Mohamad Zaree, avocat et président de l’Organisation arabe pour la réforme pénale, s’oppose au fait que la nouvelle loi élargit délibérément la définition des « actes terroristes », pour englober un grand nombre de crimes, mais aussi d’actes de nature « légales et pacifiques », qui relèvent de la liberté d’expression comme le droit au rassemblement, à la manifestation ou à la grève. Il donne l’exemple de l’article prévoyant la saisie ou le gel des avoirs des « entités terroristes » et de ceux qui les financent ou les soutiennent, y compris par le discours. « Cela ouvre la voie à la poursuite de quiconque qui défend par exemple la confrérie des Frères musulmans sur Internet, ou qui critique une mesure prise contre eux. Ce qui contredit la liberté de pensée et d’expression garantie par la Constitution ». Il évoque aussi l’article permettant aux autorités d’agir contre tout individu ou groupe représentant une menace pour la sécurité nationale, y compris en perturbant les transports publics. « Il s’agit d’un texte à haut risque. Cet article peut s’appliquer aux grèves ou aux manifestations. Aussi une ONG oeuvrant en faveur des droits des minorités religieuses peut être fermée et ses membres poursuivis au motif que cette organisation porte atteinte à l’unité nationale. Surtout que les termes rhétoriques, comme unité nationale, paix sociale ou sécurité nationale, ne sont pas bien définis pour préciser les actes y portant atteinte. Cette ambiguïté des textes justifie l’inquiétude des forces libérales et révolutionnaires de voir cette loi utilisée pour resserrer l’étau autour de l’opposition ou réprimer toute forme de contestation », avoue Zaree, tout en réaffirmant la nécessité de lutter contre le terrorisme et le droit de l’Etat de maintenir l’ordre public.

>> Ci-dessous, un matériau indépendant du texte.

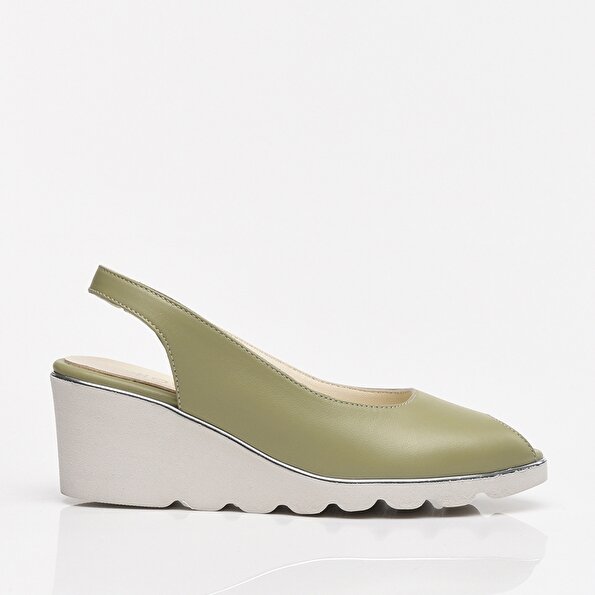 Resim Hakiki Deri Yeşil Kadın Topuklu Sandalet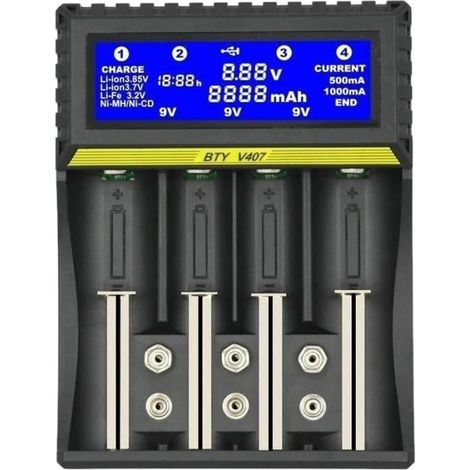 BTY-V407 Chargeur De Batterie Li-Ion Li-Fe Ni-MH Ni-CD Intelligent Chargeur Rapide Pour 18650 26650 6F22 9V AA AAA 16340 14500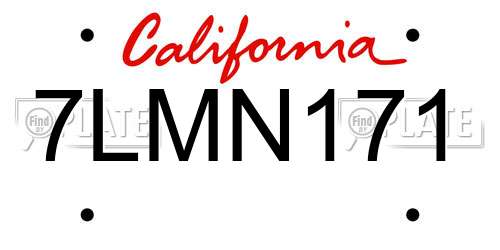 7LMN171 California License Plate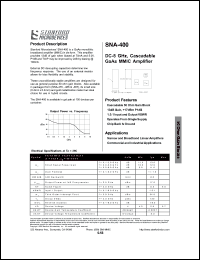 SNA-400 datasheet: DC-8 GHz, cascadable GaAs MMIC amplifier. Cascadable 50 ohm gain block. SNA-400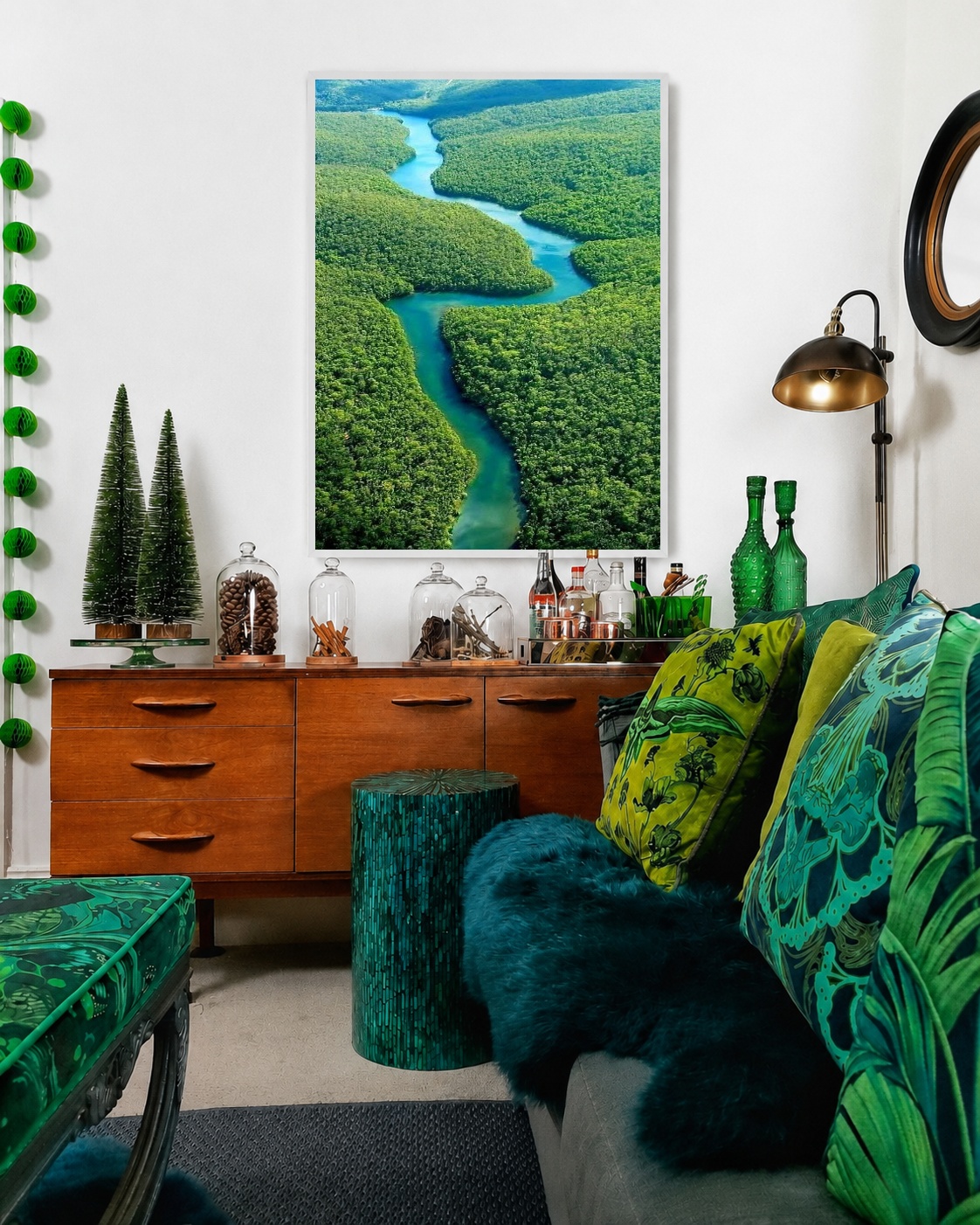 Quadro Canvas Floresta Rio Natureza Verde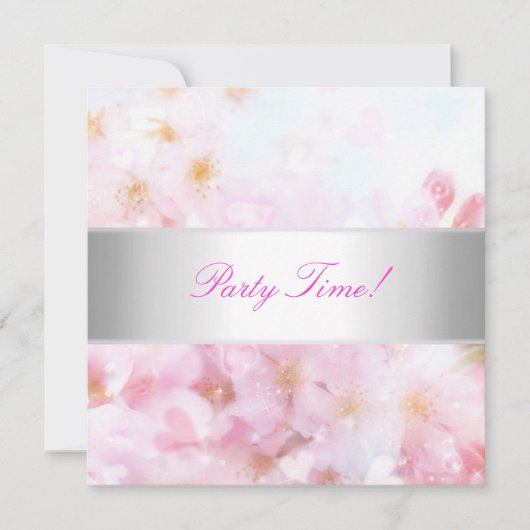 Soft Pink & White Flowers Party Kaart (Voorkant)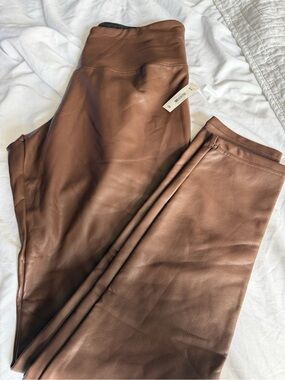 Brown Faux Leather Leggings - NWT
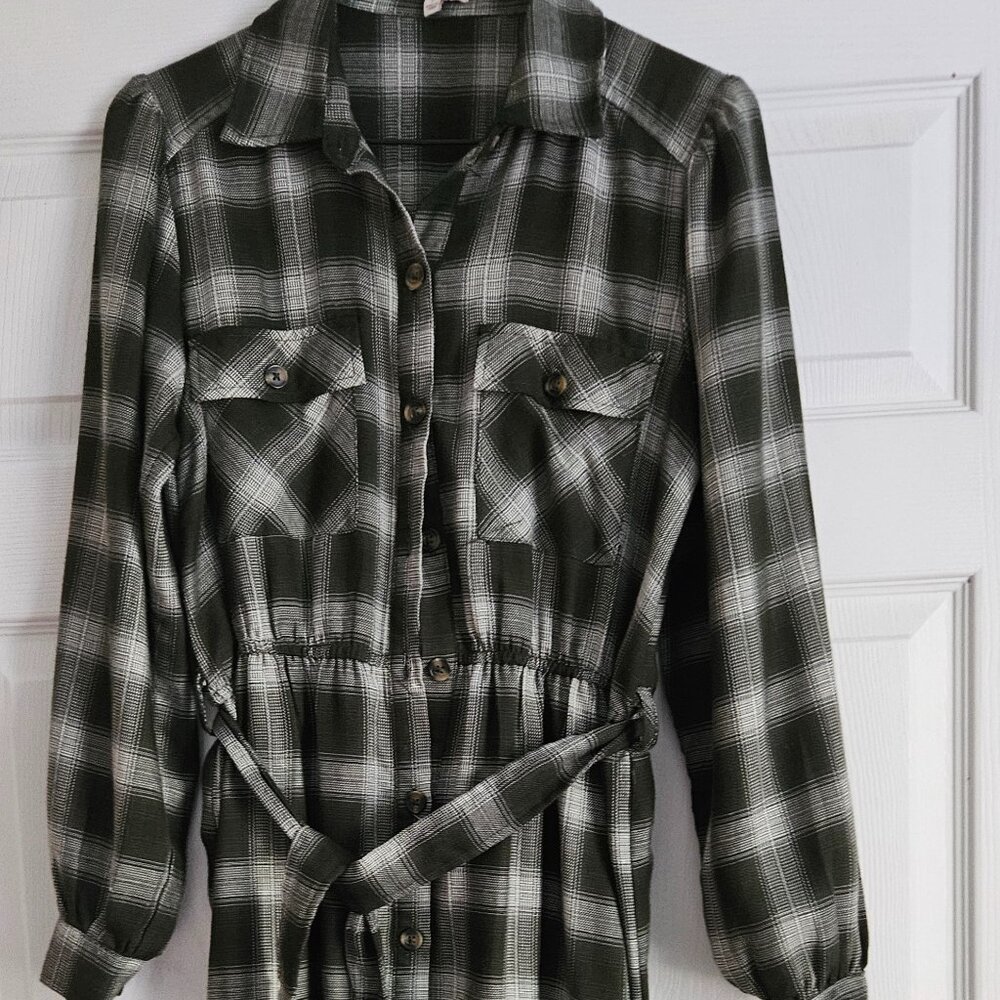 Green plaid midi button down dress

Il ajoute que l’inclusion de personnes sur les listes terroristes est un processus délicat qui nécessite des informations vérifiées et surtout neutres. Selon lui, la personne ou l’entité soupçonnée de représenter un danger pour la sécurité nationale doit être soumise à une enquête par le Parquet général et jugé devant la Justice. Des craintes injustifiées, selon Mosallam qui rappelle que la loi garantit le droit de présenter des recours devant la Justice et les procédures de classification de terroriste se basent sur des enquêtes fiables.